Classifying the EpiPen as a non-innovator drug
Chaffetz, coming back for another round of questions, wanted to know more about what’s going on with the EpiPen’s classification under Medicaid. It’s currently classified as a “Non-Innovator Multiple Source Drug,” different from a branded drug. Although Bresch hadn’t been directly involved in recent conversations with CMS, she did try to answer the question of why it’s classified like that. Bresch said the EpiPen was in that status before Mylan acquired the drug, and that at several other times, the company confirmed that that was the right status.
‘The numbers don’t add up’
Toward the end of the hearing, Cummings sounded exasperated by the responses Bresch had given.
“If I could sum up this hearing, it would be that the numbers don’t add up,” Cummings said. “It is extremely difficult to believe that you’re making only $50 when you’ve just increased the price by more than $100.”
Cummings sounded a bit jaded after dealing with companies like Turing Pharmaceuticals and Valeant Pharmaceuticals in past hearings, saying that this sounded a lot like the talking points he’s heard before. So, he emphasized the need to see some documents and records.
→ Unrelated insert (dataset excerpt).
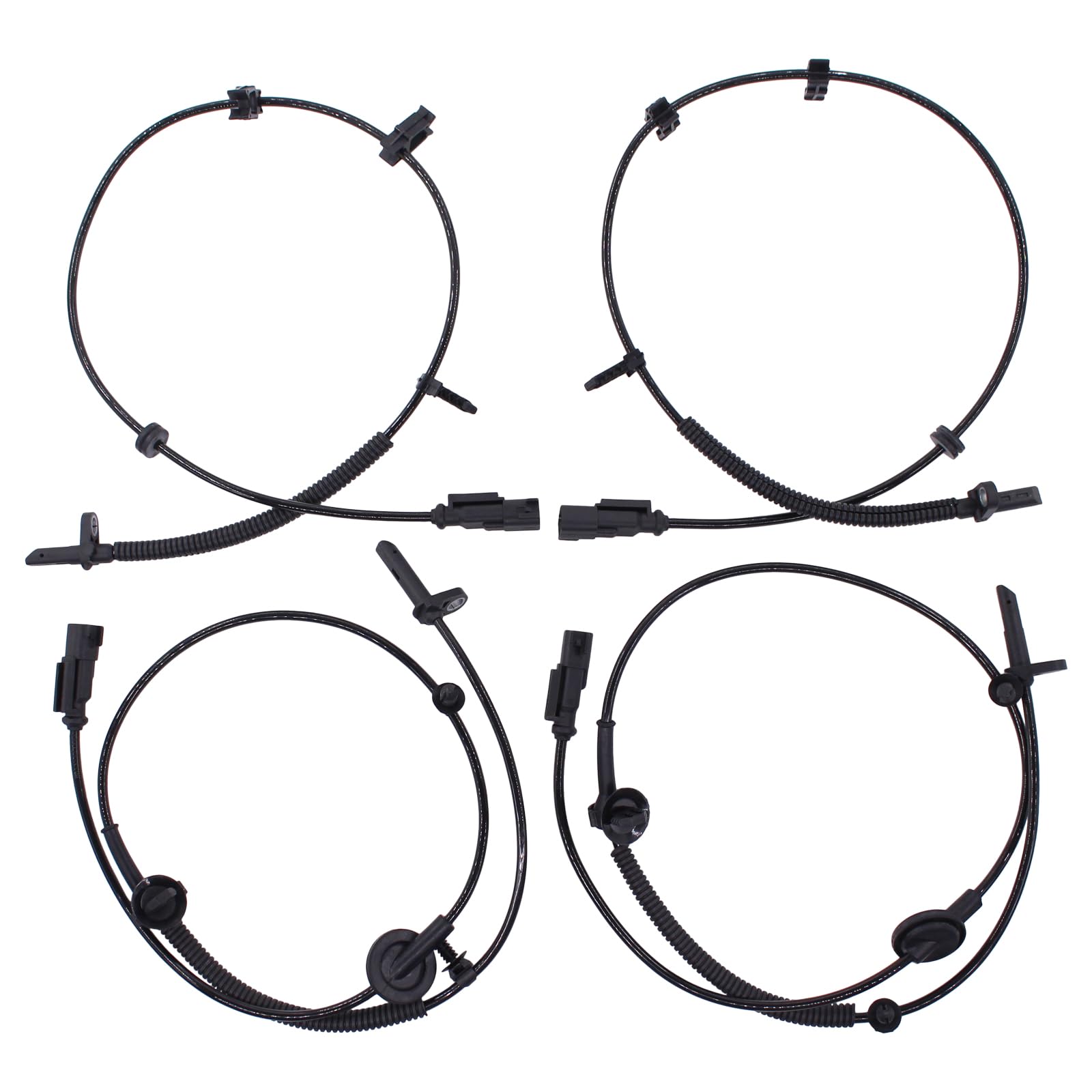 NewYall front-left ABS wheel speed sensor improves braking system monitoring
Chaffetz agreed that something spelled fishy. “It just feels like you’re not being honest with us,” he said, pointing to some of the numbers and charts Bresch had used during the hearing, which he said seemed dumbed down.
Bresch and Throckmorton will now have 10 days to provide the committee with more documents to answer some of the questions that they couldn’t fully answer on the spot.